It may be worth pointing out that a Monk benefits greatly from having a Superior Implement; in particular, an accurate implement can be a good investment for a monk.


----------



## Tarrl (May 29, 2010)

Johnny3D3D said:


> It may be worth pointing out that a Monk benefits greatly from having a Superior Implement; in particular, an accurate implement can be a good investment for a monk.



Could you explain how that works Johnyy3d3d? I was curious about that option myself.
thanks


----------



## Argyle King (May 29, 2010)

Tarrl said:


> Could you explain how that works Johnyy3d3d? I was curious about that option myself.
> thanks




I'm away from my books right now because I'm away from home, but I'll try to answer as best as I can from memory.
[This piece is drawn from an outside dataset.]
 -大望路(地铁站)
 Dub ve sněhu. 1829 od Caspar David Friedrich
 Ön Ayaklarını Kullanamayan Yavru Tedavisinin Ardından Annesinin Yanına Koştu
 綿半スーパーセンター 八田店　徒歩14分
To gain access to Superior Implements, you need to take the Superior Implement feat.  Through this feat, it's possible to use Accurate Implements which give a +1 to attacks made with that implement.  The majority of monk powers have the implement keyword, so (I think) you could gain a +1 to attack rolls to pretty much all of your powers by using an accurate implement.

You can then still take versatile expertise on top of using an accurate implement for even more of a bonus to your attack rolls.


Can somebody else weigh in here and add anything I may have missed?


----------



## Prestidigitalis (May 29, 2010)

Johnny3D3D said:


> It may be worth pointing out that a Monk benefits greatly from having a Superior Implement; in particular, an accurate implement can be a good investment for a monk.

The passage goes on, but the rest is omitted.